Produção Feltro Preto |
O texto, de Rafaela Lacerda, parece simples, sobretudo por familiaridade.
Qualquer pessoa do público irá certamente rir-se, ainda que só para si, por identificar situações que quase inevitavelmente poderão ser a rotina de qualquer casal, mais ou menos feliz.
No texto, a mulher é posta na posição mais emocional e o homem na posição mais prática, mais desligada. Mas isto são estereótipos facilmente ultrapassáveis: não é disso que se trata aqui. Aqui, existem as dificuldades de ambas as partes em encontrar-se sem ceder demasiado, a dificuldade de cada um, e perante o outro, em ultrapassar hábitos que começam a moldar uma vida, e que tantas vezes são necessários a uma das partes, mesmo sem explicação.
Na interpretação, os actores Eduardo Ribeiro e Rafaela Covas estão bem, sem grandes artifícios ou complexidade técnica, como aliás a peça pede.
Rafaela Covas dá-nos na perfeição a imagem do amuo amoroso: é uma situação de birra que passa por momentos de falsa irritação (momento do chamado beicinho) e por outros de verdadeira mágoa (quando o beicinho é trocado por palavras e actos mais agressivos).
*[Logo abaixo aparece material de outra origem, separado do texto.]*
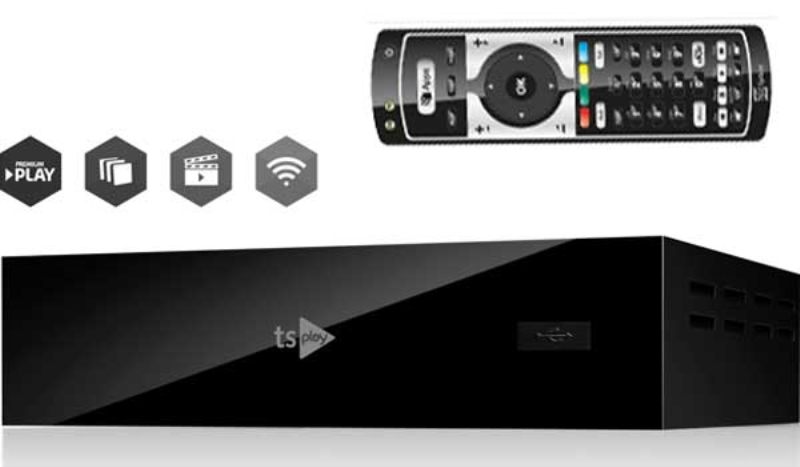 TELESYSTEM Decoder Telesystem TSPLAY ricevitore IP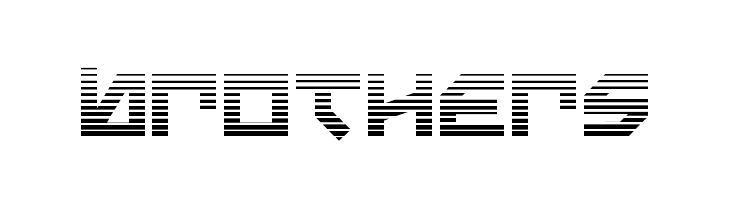 Metal Storm Gradient  Free Fonts Download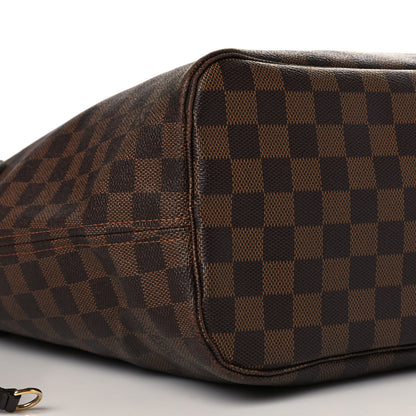 Louis Vuitton Damier Ebene Neverfull MM 9 of 10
A actriz teve inclusivamente a delicadeza de corar, quando a sua personagem passou da sensualidade à vulnerabilidade que atinge o amor despeitado.
Eduardo Ribeiro consegue desconcertar-nos com o seu alheamento, a sua falta de reacção, tão característica do que mentalmente associamos ao homem desligado das cenas emocionais femininas.
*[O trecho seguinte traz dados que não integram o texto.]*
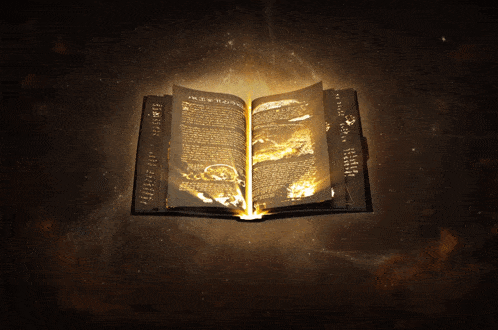 a book that is open to a page that says ' a '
O único ponto de estranheza prende-se com a sua dicção. É demasiado trabalhada e cuidada para a peça em questão, não é fluente, é quase formal e isso é estranho ao intimismo.
A encenação do espectáculo é justa para com o restante conjunto. É simples, pretende mostrar-nos a realidade sem filtro, sem teatralidade. A qualidade desta peça é precisamente essa falta de acessório e a falta de intensidade dramática, que poderia ser má, mas aqui parece propositada para nos dar uma janela para a vida e não uma composição da vida.
Esta é uma pequena peça sobre as pequenas coisas. É sobre o grande que elas podem ser.
Fala-nos de quão difícil é equilibrar dois egos debaixo do peso da rotina e do quotidiano e ainda assim guardar uma pequena almofada de amor.